* [WORK REQUEST] Quote the lines below from the one containing "Beaches Display Font" to the final line, both ends included; exclude the pictures.

LISTED ENTRIES section start

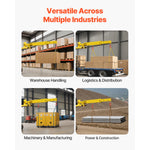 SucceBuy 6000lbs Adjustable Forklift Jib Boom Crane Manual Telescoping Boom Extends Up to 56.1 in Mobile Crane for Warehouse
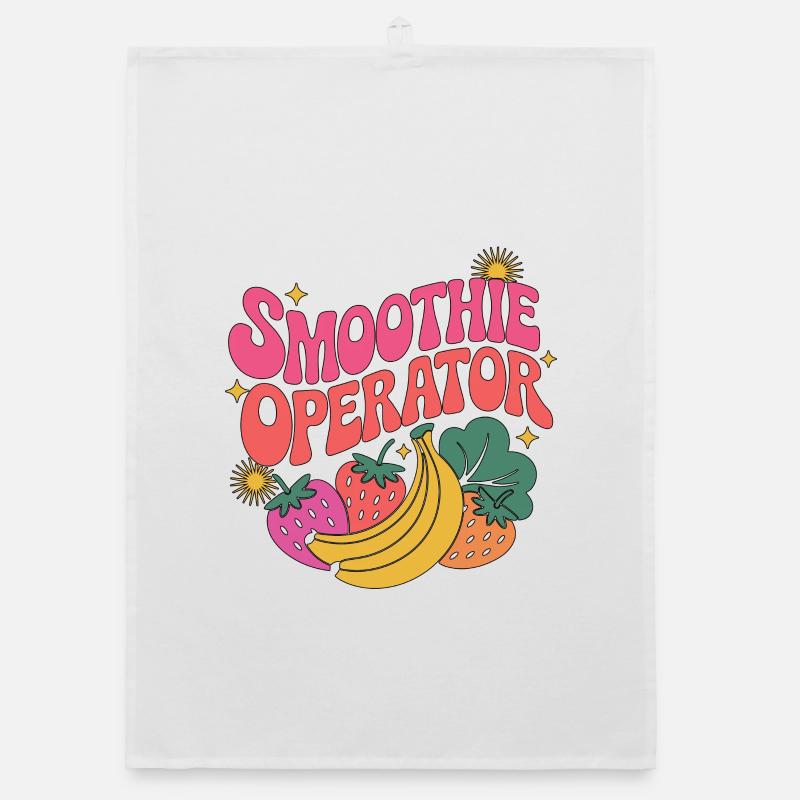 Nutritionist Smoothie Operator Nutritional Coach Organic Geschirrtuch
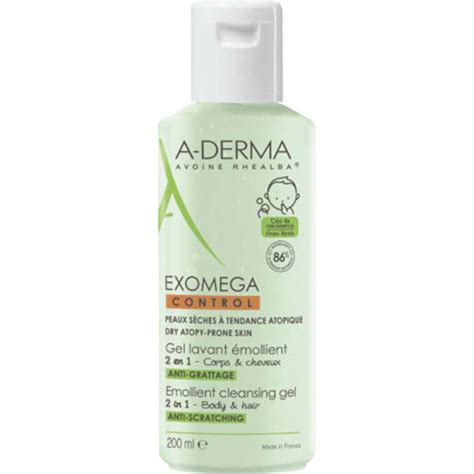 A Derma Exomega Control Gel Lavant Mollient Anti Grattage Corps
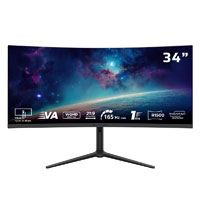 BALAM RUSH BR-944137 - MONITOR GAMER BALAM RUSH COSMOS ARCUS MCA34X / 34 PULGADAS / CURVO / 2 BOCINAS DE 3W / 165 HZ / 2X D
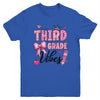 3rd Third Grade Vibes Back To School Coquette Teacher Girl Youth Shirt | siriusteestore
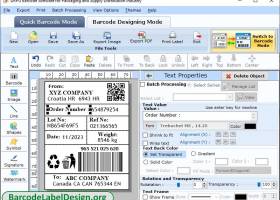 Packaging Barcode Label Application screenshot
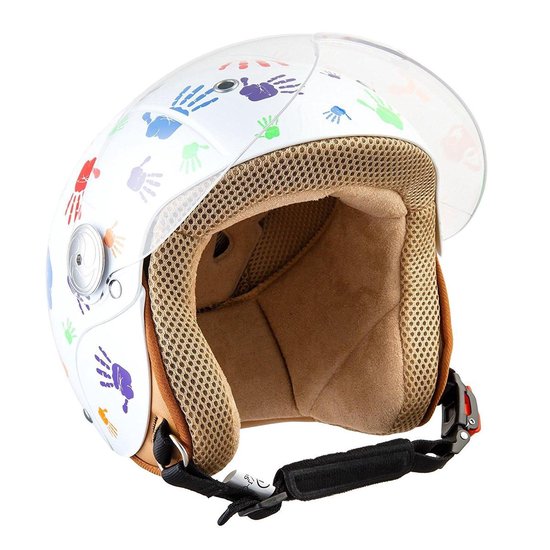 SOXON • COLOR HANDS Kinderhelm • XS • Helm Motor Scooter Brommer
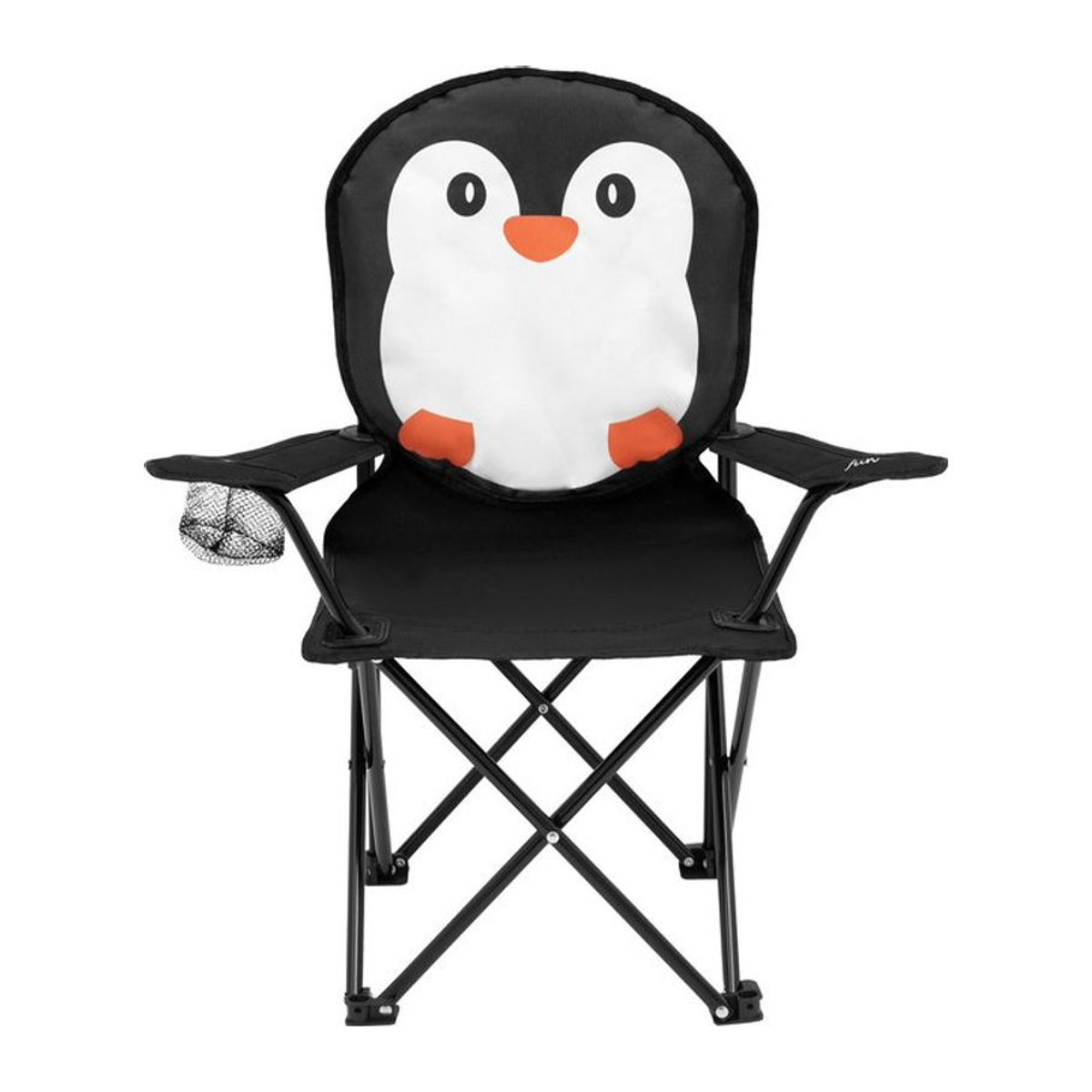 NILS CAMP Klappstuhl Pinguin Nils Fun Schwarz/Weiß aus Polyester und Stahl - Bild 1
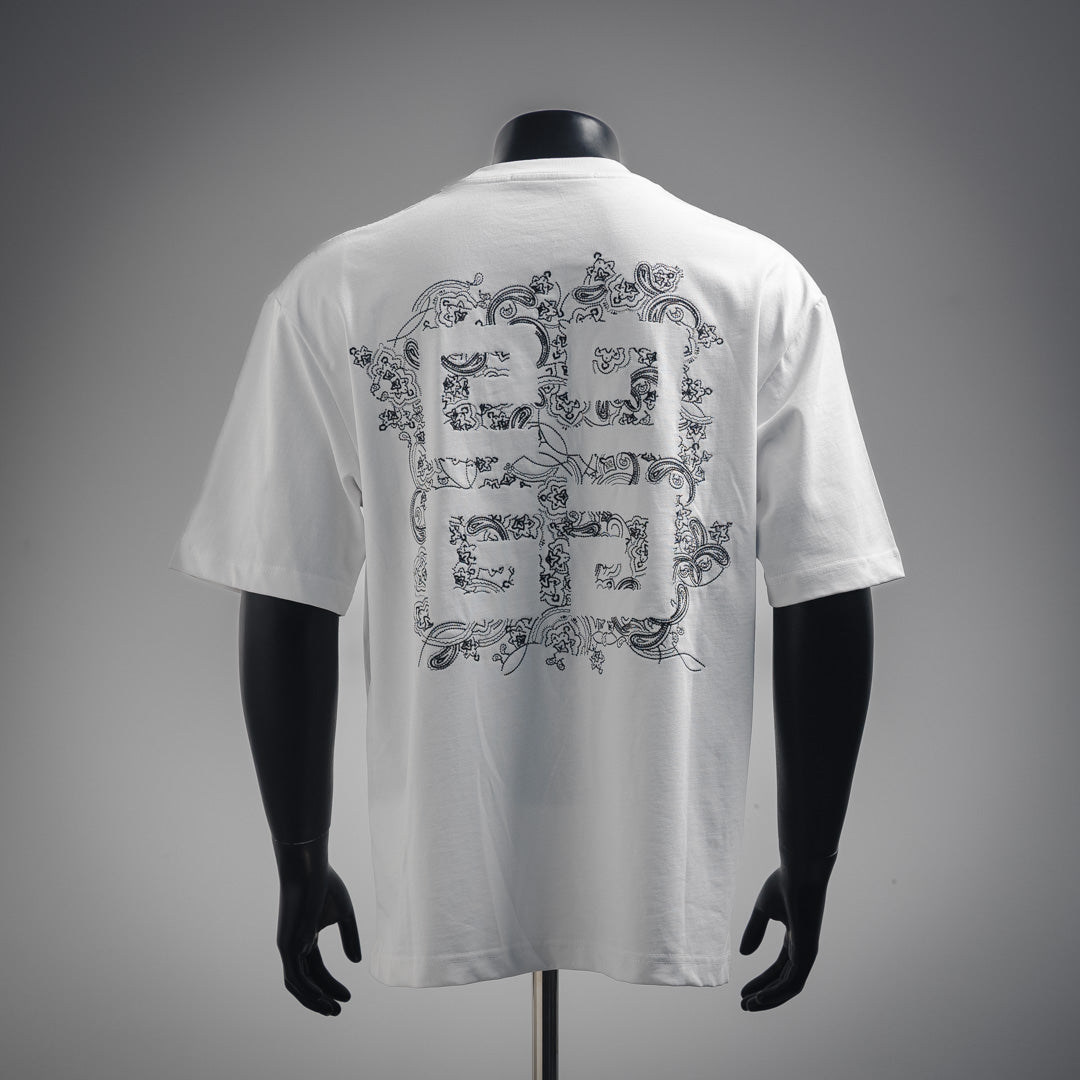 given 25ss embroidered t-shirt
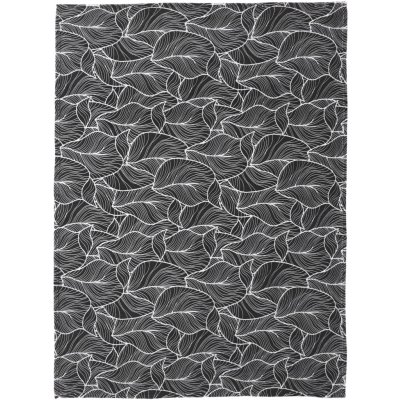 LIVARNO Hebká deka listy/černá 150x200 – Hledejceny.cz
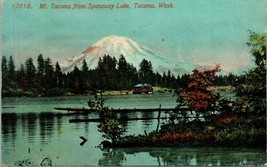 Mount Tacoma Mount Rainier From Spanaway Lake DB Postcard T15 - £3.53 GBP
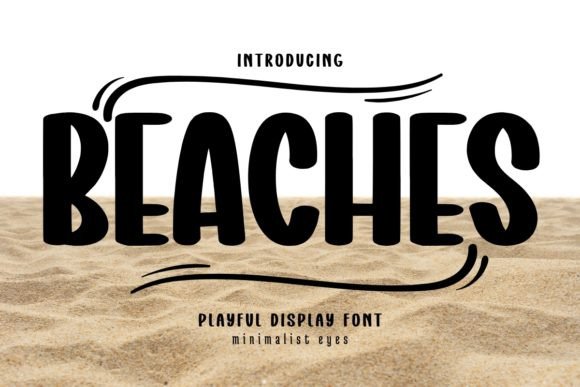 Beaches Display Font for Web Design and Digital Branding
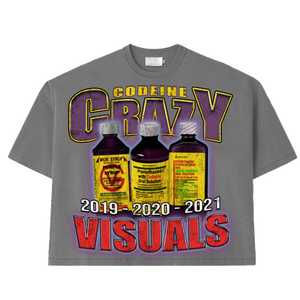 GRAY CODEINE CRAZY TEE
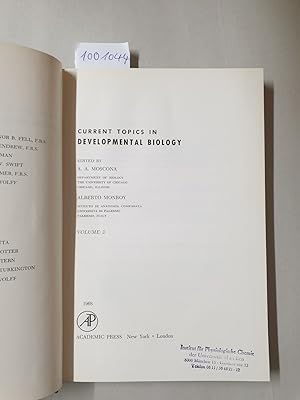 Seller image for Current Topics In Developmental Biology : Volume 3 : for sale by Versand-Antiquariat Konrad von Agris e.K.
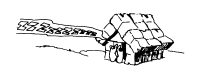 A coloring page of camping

LISTED ENTRIES section end

* [SOLUTION TO THIS TASK]
 Beaches Display Font for Web Design and Digital Branding
 GRAY CODEINE CRAZY TEE
 Seller image for Current Topics In Developmental Biology : Volume 3 : for sale by Versand-Antiquariat Konrad von Agris e.K.
 A coloring page of camping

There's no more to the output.